Setting the Stage
Thomas Robert Malthus was born on 13 February 1766 at The Rookery, near Dorking in Surrey and died in Bath on 29 December 1834. His father, Daniel Malthus, was a friend of David Hume and a great admirer of Jean-Jacques Rousseau and his philosophical novel Emile.
Three weeks after Robert’s birth these two philosophers came to visit him. Robert was educated first by his father and then, until he was 16, by Richard Graves, a clergyman friend of his father. In 1782, he went to the famous Dissenting Academy at Warrington, Lancashire, to be taught by a “heretical” clergyman, Gilbert Wakefield, a disciple of Rousseau. Malthus went to Jesus College, Cambridge, in 1784, where he studied mathematics, science and classics. In 1788, he graduated as Ninth Wrangler, and took orders. After he had left Cambridge, one of his tutors, William Frend, was removed from his fellowship because of his advocacy of Unitarianism and his opposition to the war with the French Republic.In 1793, Malthus was elected to a fellowship by his college, and took a curacy at Okewood, near his family’s home. In 1803, he was instituted rector of Walesby, Lincolnshire, and held the living for the rest of his life without having resided there. The following year, he married Harriet Eckersall. In 1805, he was appointed Professor of Political Economy at the East India College, situated from 1809 at Haileybury, where he lived until his death, thus becoming the first Professor of Political Economy in England.

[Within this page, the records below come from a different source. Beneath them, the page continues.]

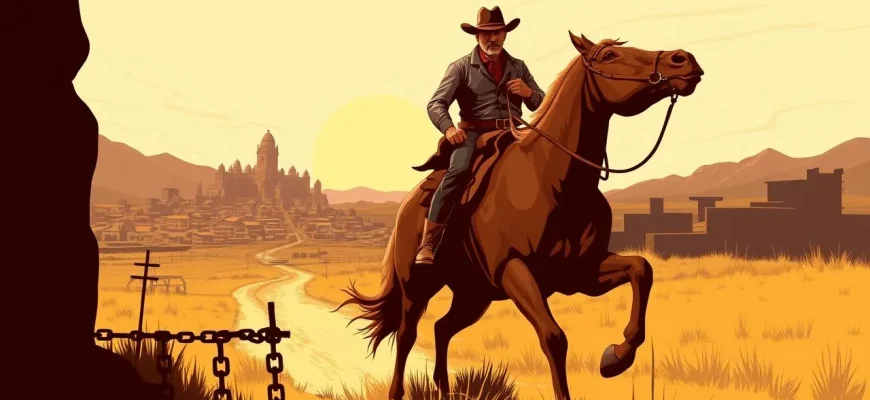 10 Westerns sobre fugas que no puedes perderte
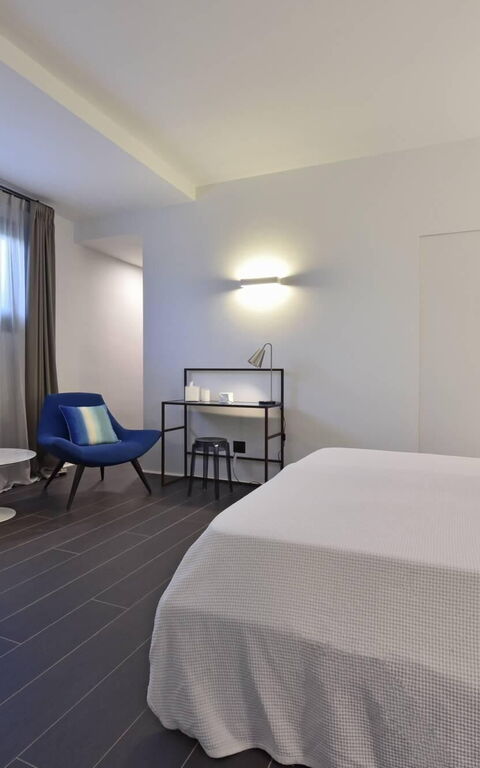 Tenuta Stornello: soveværelse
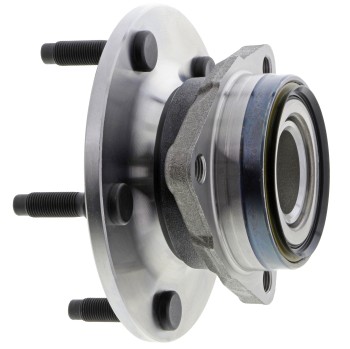Wheel Bearing and Hub Assembly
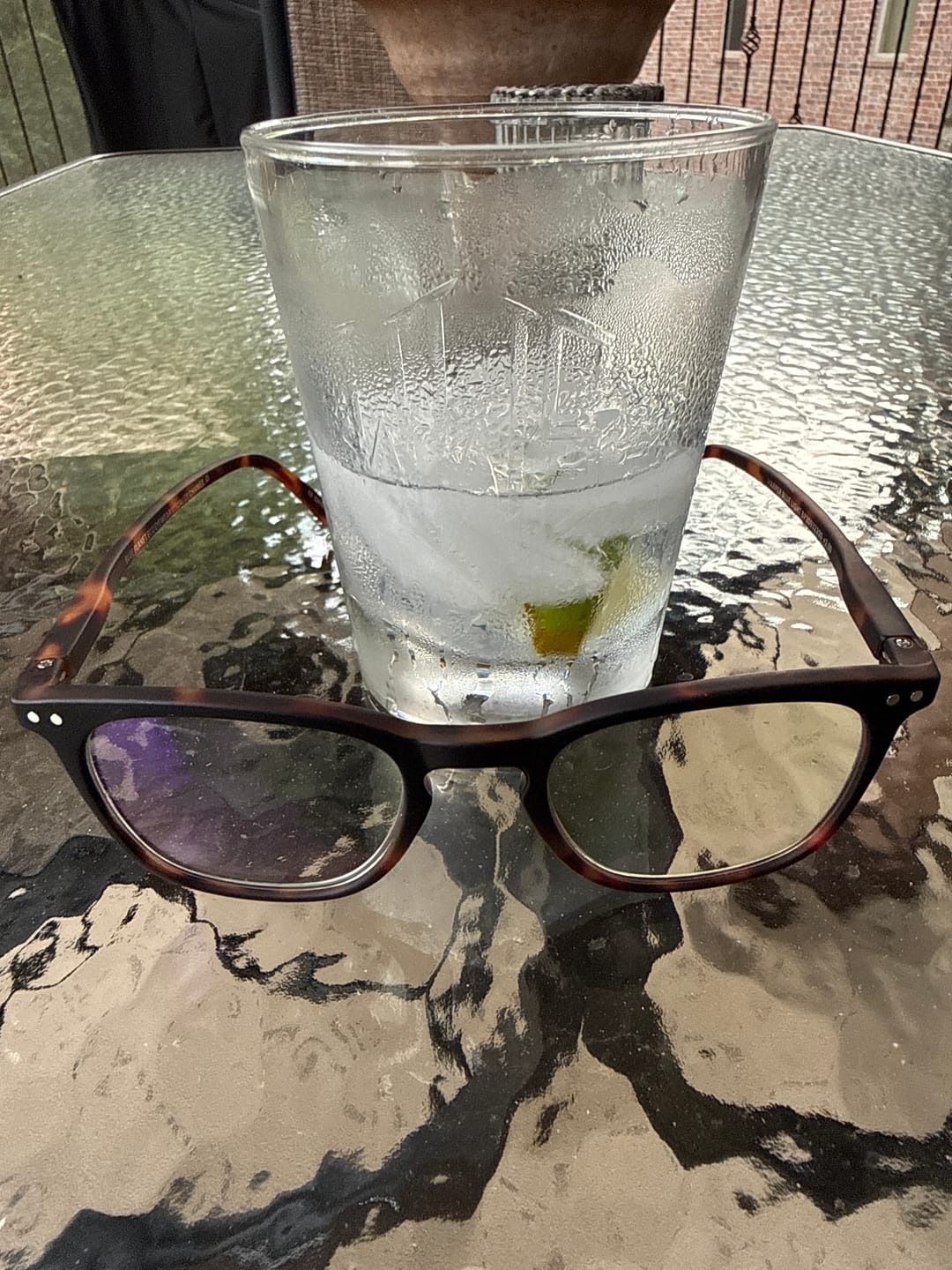 Customer photo review of MEL BLUE LIGHT READERS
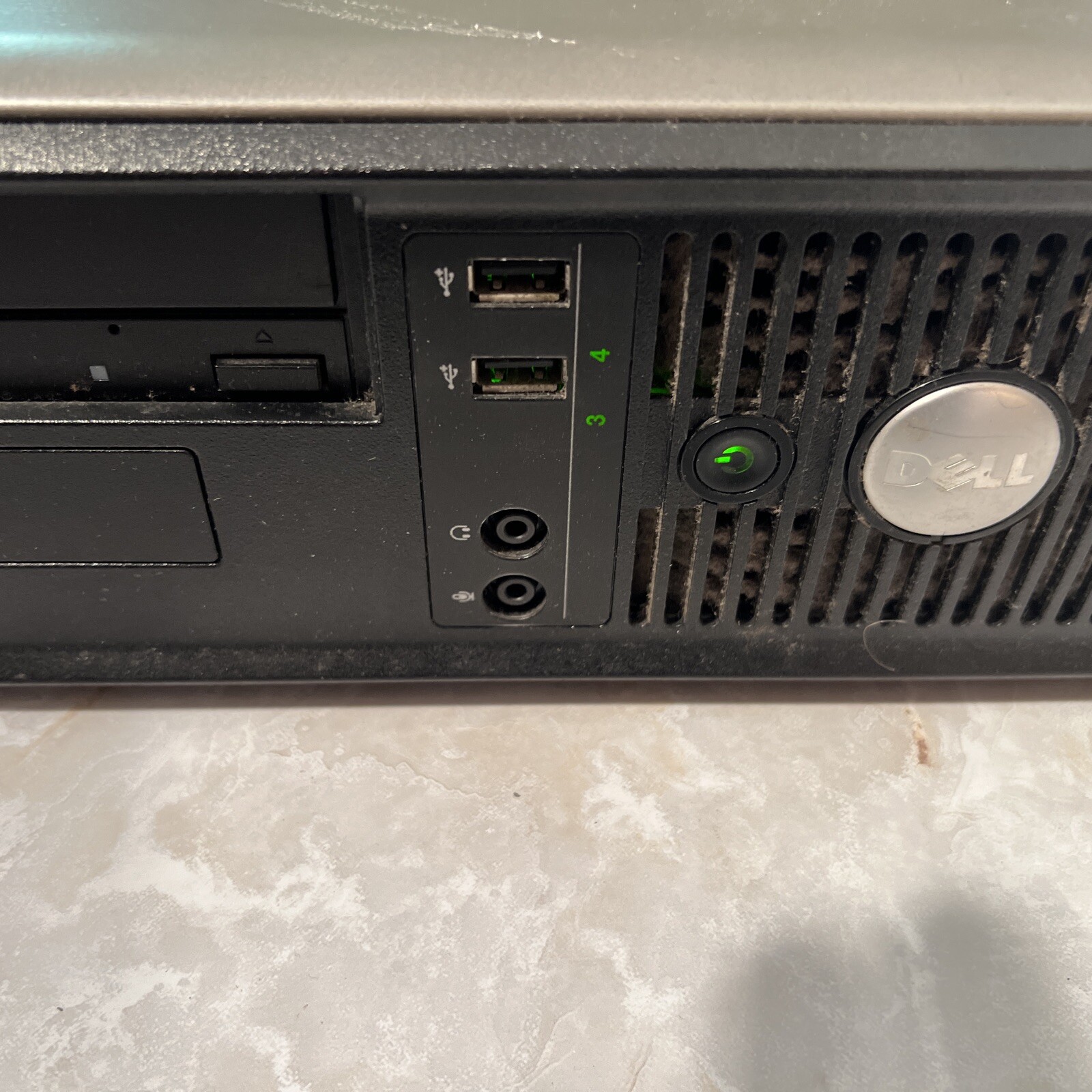 Dell Optiplex 360 Big Tower Core 2 Duo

Most of Malthus’s contemporaries, even those who disagreed with his opinions, described him as a lovable man of considerable humour and underlined his affectionate and loyal nature and his intellectual honesty.

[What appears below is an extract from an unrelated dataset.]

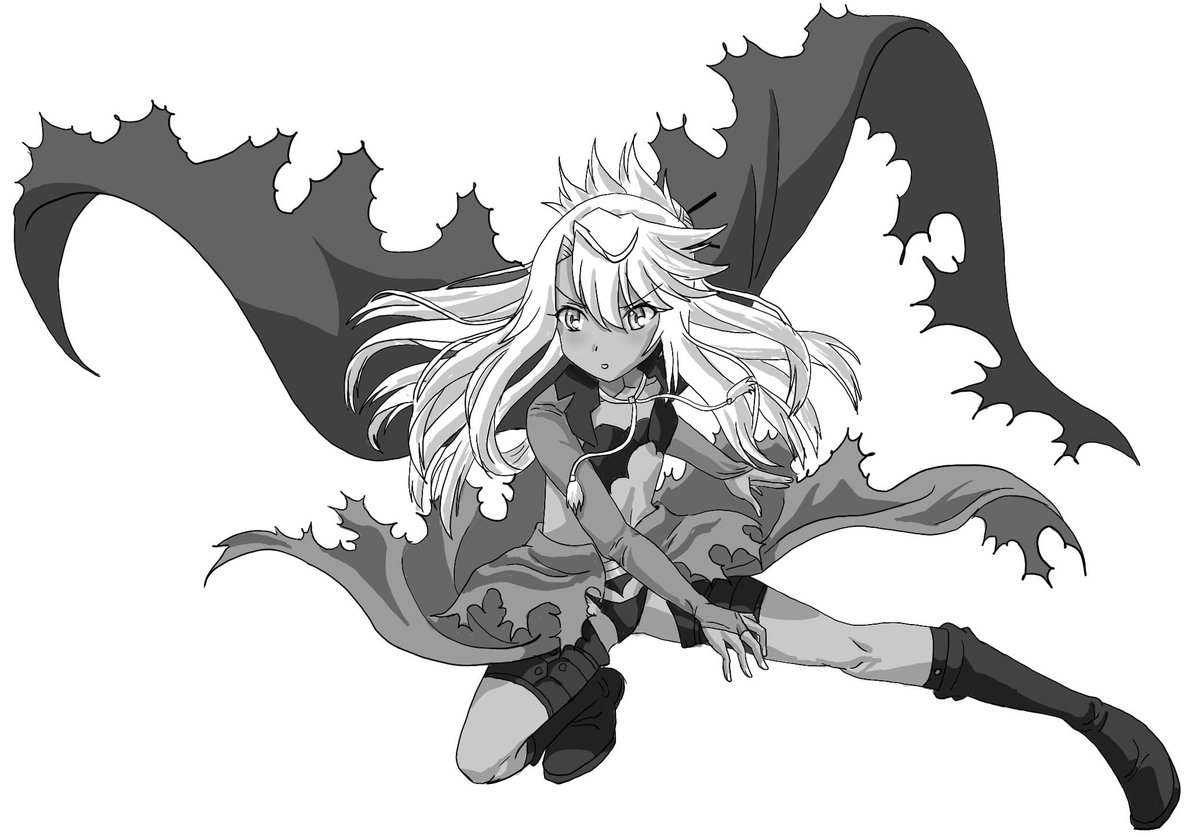 _sinful_sloth's tweet photo. 🥺🙏 #IllyasvielVonEinzbern #ChloeVonEinzbern #FateKaleid #prillya #illustration https://t.co/BQcDEY5jhV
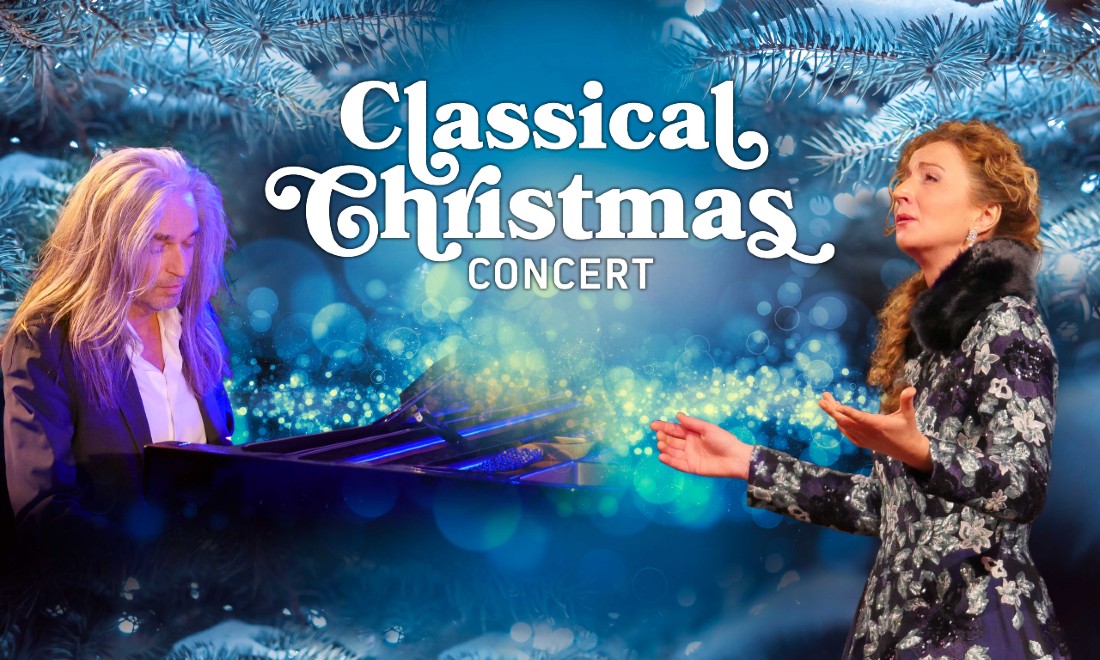 Classical Christmas featuring Jan Vayne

In 1796, Malthus wrote his first pamphlet, The Crisis, a View of the Present Interesting State of Great Britain, by a Friend to the Constitution, in order to criticize Pitt’s administration.

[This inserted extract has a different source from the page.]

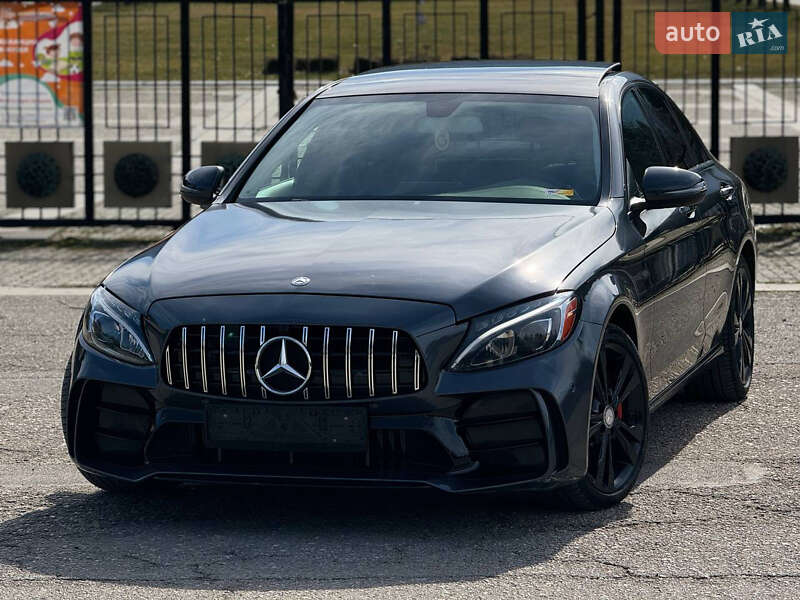 2016 mercedes-benz c 300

He failed to find a publisher, and the manuscript has unfortunately been lost. Nevertheless, some passages quoted by his two friends and biographers, William Empson and Bishop William Otter, indicate that he was already prompted by the desire to reduce the hardship of the poor and, more widely, interested in social problems of political economy. A close reading of his work cannot but convince the reader that his desire to improve the condition of the labouring classes would remain all his life; and that he intended to understand the true causes of their conditions, whether by poverty or by unemployment, in order to find appropriate remedies. In the introduction of the first edition of his Principles of Political Economy published in 1820, Malthus emphasizes the main difficulties inherent in such a task, particularly by stressing the principal cause of error in political economy: “a precipitate attempt to simplify and generalize” (1820b: 5). Simplifying by not acknowledging “the operation of more causes than one in the production of particular effects” (1820b: 6) and generalizing by not taking into account “the necessity of limitations and exceptions in a considerable number of important propositions” (1820b: 7) led to “crude and premature theories” (1820b: 6). Furthermore, on 26 January 1817, in a letter to Ricardo, Malthus writes: “A writer may, to be sure, make any hypothesis he pleases; but if he supposes what is not at all true practically, he precludes himself from drawing any practical inferences from his hypotheses” (Malthus in Ricardo 1951-73, VII: 122). Malthus’s willingness to account for complexity, limitations and exceptions in political economy could explain most of his disagreements with Ricardo and that the hope the latter expressed on 20 August 1818 in a letter to his friend: “I wish to have an opportunity of judging of your system as a whole” (Ricardo 1951-73, VII: 284) could not be realized.